7-men Syzygy attempt

syzygy · Post by **syzygy** » Fri Mar 30, 2018 11:00 pm

Ozymandias wrote:Other than the empirical fact derived from my own tests at ultrafast TCs, and the absence of said experience at longer TCs, there's also the intuition that more time generates better chess, at all phases of the game, leading to smaller Elo gaps between players. As with any intuition, I could be wrong.

But that intuition applies exactly in the same way to any improvement of a chess engine. It says nothing about the advantageous effect of TBs.

Let's say that at some fixed TC 6-piece TBs give a boost over 5-piece TBs that is worth as much as X% higher nps.

If we now multiply the TC by 10, my guess is that 6-piece TBs over 5-piece TBs are still worth as much as X% higher nps (and perhaps more), for the same value of X.

(One correction: for DTZ probing at the root this is clearly not true, so I am thinking of the effect of WDL probing in the search tree. If a part of the 20 Elo you saw came from DTZ probing at the root, then it is to be expected that that part melts away as the TC increases.)

noobpwnftw · Post by **noobpwnftw** » Fri Mar 30, 2018 11:06 pm

Status update:

Now I rearranged memory of my 2 machines in order to build efficiently in parallel, one building 6+1 and another building 5+2.

However there are a few glitches during the actual building work:

1. One machine has 384 cores, the generator won't build with MAX_THREADS=384 due to address space limitations of static variables, if I use -mcmodel=large I suspect that there will be performance issues with indirect memory access code being generated.

2. Linux kernel scheduler does not work well with large number of cores, I saw serious issues during the execution of run_threaded tasks, it seems that the kernel was trying to migrate threads among less busy cores and its internal spin locks took too much cycles.
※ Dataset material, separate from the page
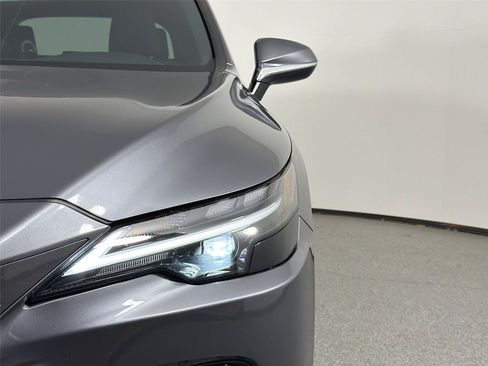 Used 2023 Lexus RX 350 Premium w/ Accessory Package (Z1) FWD image 15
I tried fiddling with sched_migration_cost parameter but with no success, eventually I have to run ESXi on both machines and work in a virtual machine to get around the problem, however ESXi limits maximum CPU count per VM to 128 so I can only use 1/3 of the cores, yet still faster than on bare metal.
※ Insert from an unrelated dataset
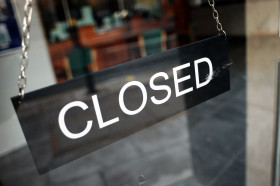 Правительство внесло в Госдуму законопроект Минэкономразвития об упрощении процедуры закрытия фактически прекративших свою деятельность МСП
Any workarounds may greatly speed up the building process, I think.

syzygy · Post by **syzygy** » Fri Mar 30, 2018 11:11 pm

noobpwnftw wrote:1. One machine has 384 cores, the generator won't build with MAX_THREADS=384 due to address space limitations of static variables, if I use -mcmodel=large I suspect that there will be performance issues with indirect memory access code being generated.

I can look into dynamically allocating those arrays. That would also remove the need to set a compile-time maximum on the number of threads.

2. Linux kernel scheduler does not work well with large number of cores, I saw serious issues during the execution of run_threaded tasks, it seems that the kernel was trying to migrate threads among less busy cores and its internal spin locks took too much cycles. I tried fiddling with sched_migration_cost parameter but with no success, eventually I have to run ESXi on both machines and work in a virtual machine to get around the problem, however ESXi limits maximum CPU count per VM to 128 so only 1/3 of CPU utilization, yet still faster than bare metal.

I'm not sure what is happening here, but maybe it would help if the generator set thread affinities?

noobpwnftw · Post by **noobpwnftw** » Fri Mar 30, 2018 11:46 pm

syzygy wrote:
noobpwnftw wrote:1. One machine has 384 cores, the generator won't build with MAX_THREADS=384 due to address space limitations of static variables, if I use -mcmodel=large I suspect that there will be performance issues with indirect memory access code being generated.
I can look into dynamically allocating those arrays. That would also remove the need to set a compile-time maximum on the number of threads.

2. Linux kernel scheduler does not work well with large number of cores, I saw serious issues during the execution of run_threaded tasks, it seems that the kernel was trying to migrate threads among less busy cores and its internal spin locks took too much cycles. I tried fiddling with sched_migration_cost parameter but with no success, eventually I have to run ESXi on both machines and work in a virtual machine to get around the problem, however ESXi limits maximum CPU count per VM to 128 so only 1/3 of CPU utilization, yet still faster than bare metal.
I'm not sure what is happening here, but maybe it would help if the generator set thread affinities?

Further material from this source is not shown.